25/09/2014

Trentemøller

Magazzini Generali, Milano


Reduce da quel bellissimo caleidoscopio elettronico che risponde al nome di “Lost”, il producer danese Anders Trentemøller ritorna nella nostra Milano e lo fa ancora una volta nella location perfetta per la sua poliedrica e suggestiva creatura sonora. I Magazzini Generali, storica dimora delle lunghe notti milanesi, accolgono un pubblico numeroso, piuttosto eterogeneo e ansioso di assistere allo spettacolo dell’alchimista Anders, maestro della minimal-techno prima di diventare, ad oggi, un grandioso sperimentatore musicale a tutto tondo.

Nonostante la morsa del traffico milanese del giovedì sera riusciamo ad arrivare in tempo per l’inizio del live, con la band che prende possesso del palco e scalda i motori con “Still On Fire”, oscura cavalcata elettro-pop di tipica scuola depechemodiana.
Al di là di ogni riferimento e citazionismo, quella che ascolteremo sarà una musica “viva” e dalle diverse anime, molto più umana di quanto le etichette di genere (deep-house? techno?) suggerirebbero. Canzoni notturne e pulsanti, da ascoltare in cuffia o da ballare sotto le stelle.

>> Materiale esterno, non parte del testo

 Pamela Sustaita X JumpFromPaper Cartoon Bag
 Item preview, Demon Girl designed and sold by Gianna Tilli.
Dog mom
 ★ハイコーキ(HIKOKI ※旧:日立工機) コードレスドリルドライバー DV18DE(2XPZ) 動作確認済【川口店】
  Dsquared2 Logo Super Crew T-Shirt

Nell’ora e mezza di concerto emergono sensazioni e stati d’animo contrastanti, chiaro specchio delle diverse sfaccettature e delle atmosfere evocate. C’è chi resta immobile e in religioso silenzio, lasciandosi incantare dai momenti più riflessivi e introspettivi (la morbida e crepuscolare “Candy Tongue” e l’immortale bellezza di “Miss You” su tutte), chi non riesce proprio a non scuotersi con i mulinelli meccanici à-la New Order di “River Of Life” o con la meravigliosa “Gravity”, gemma impreziosita dall’interpretazione vocale impeccabile di Marie Fisker. Insomma, ce n’è davvero per tutti i gusti e il pubblico gradisce e applaude convinto.

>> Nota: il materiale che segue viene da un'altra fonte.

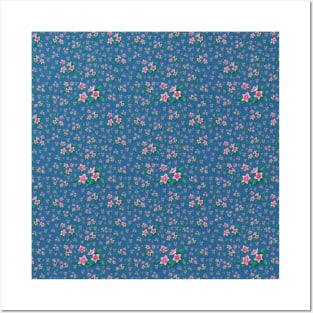 SAKURA PATTERN Posters and Art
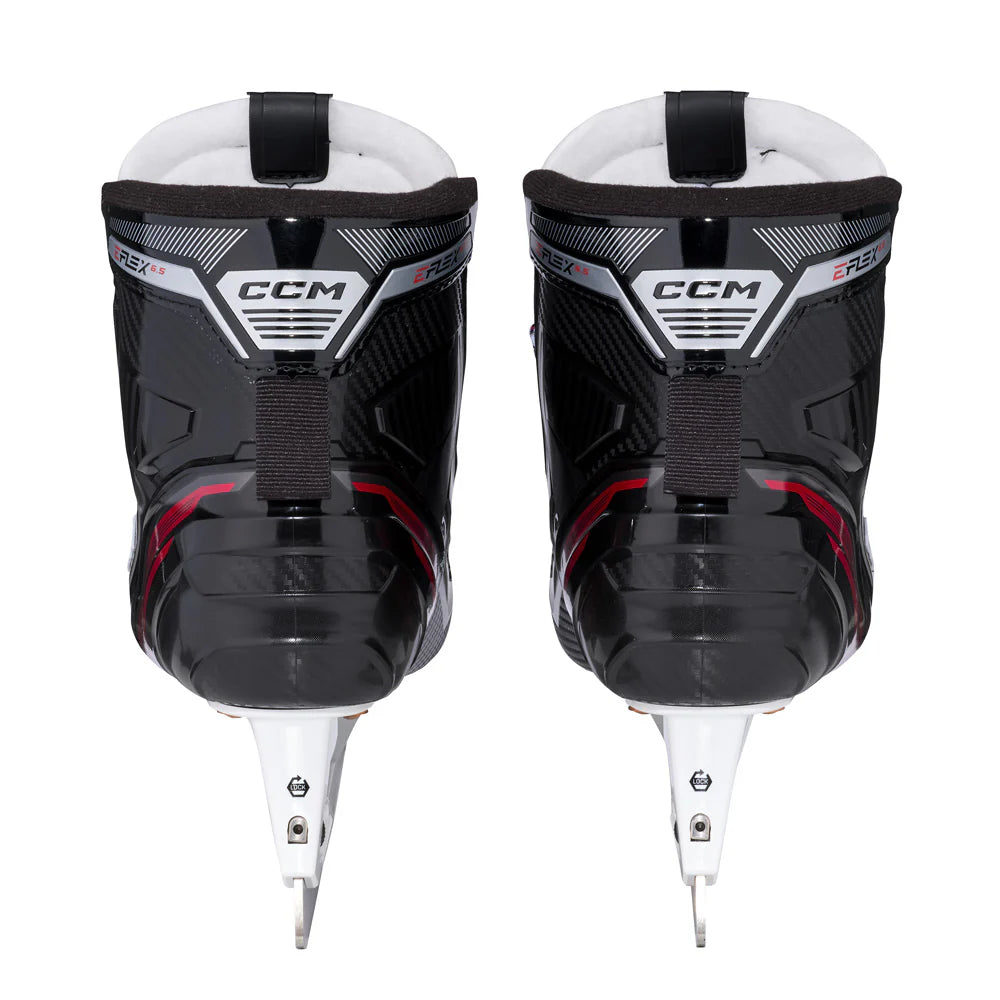 CCM EFLEX 6.5 GOALIE SKATE - YTH 13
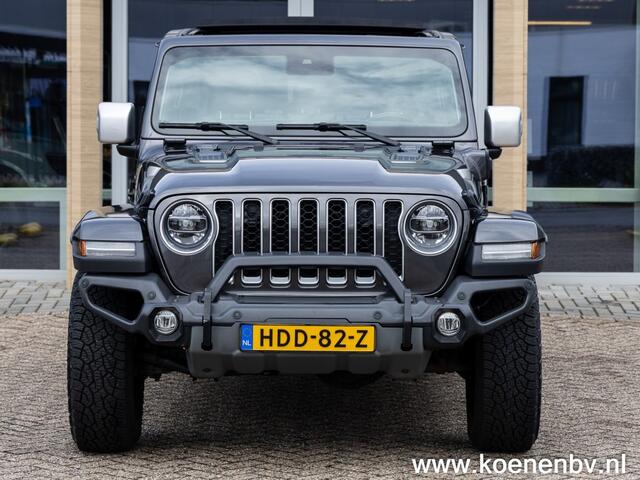 Jeep WRANGLER 4xe 380pk Auto. 4x4 Overland MY SKY / LEER / ADAPT. CRUISE / CLIMA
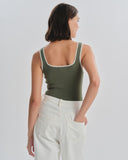 Top de Tirantes tejido de punto Lua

Una continua altalena di suggestioni in cui il direttore d’orchestra Trentemøller, senza aver bisogno di dire una parola, riesce a coinvolgere e appassionare la sua gente con le sue divagazioni electro-strumentali. Non è un caso che giganti del cinema come Almodovar e Lynch siano stati sedotti dalla sua musica, mentre gli stessi Depeche Mode (dalle cui sonorità il danese attinge spesso e volentieri) lo hanno voluto in apertura alle date europee del tour di “Delta Machine”.
Dalle anarchie shoegaze di “Trails” alle escursioni nella più cupa new wave di “Come Undone”, fino all’indie-rock contaminato di “Never Stop Running”; come avrete intuito, le coordinate sono quelle di un incrocio continuo di generi e influenze musicali, il tutto tenuto insieme dal synth di questo fuoriclasse scandinavo, sempre più difficile da inquadrare e dalla parabola artistica in continua evoluzione e ancora tutta da scrivere.

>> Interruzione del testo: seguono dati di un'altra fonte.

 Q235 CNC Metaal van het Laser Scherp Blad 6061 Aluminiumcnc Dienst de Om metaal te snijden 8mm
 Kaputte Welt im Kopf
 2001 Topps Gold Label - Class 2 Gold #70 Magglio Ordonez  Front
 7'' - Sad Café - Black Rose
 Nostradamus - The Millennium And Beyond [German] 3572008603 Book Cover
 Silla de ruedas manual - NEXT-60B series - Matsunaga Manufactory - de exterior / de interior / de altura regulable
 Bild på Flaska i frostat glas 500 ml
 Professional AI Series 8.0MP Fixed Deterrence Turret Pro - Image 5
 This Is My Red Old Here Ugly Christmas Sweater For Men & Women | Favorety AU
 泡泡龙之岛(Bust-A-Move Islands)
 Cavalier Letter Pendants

Chitarre nervose e muscolari, ricami di basso e pestoni analogici si incontrano/scontrano con angeliche voci femminili e rarefatte dolcezze sintetiche, chiari retaggi dei primi anni di carriera. E così, fra nuovi pezzi di “Lost” e succosi ripescaggi del glorioso passato riletti in chiave strumentale (“Take Me Into Your Skin” e “Moan”, quest’ultima in una versione live tutta da ballare), si arriva alle deliranti distorsioni su un tappeto di battimani di “Silver Surfer, Ghost Rider Go!!!”, incendiaria e degna chiusura di un ottimo concerto.
Signori, questo è Anders Trentemøller. Ad avercene.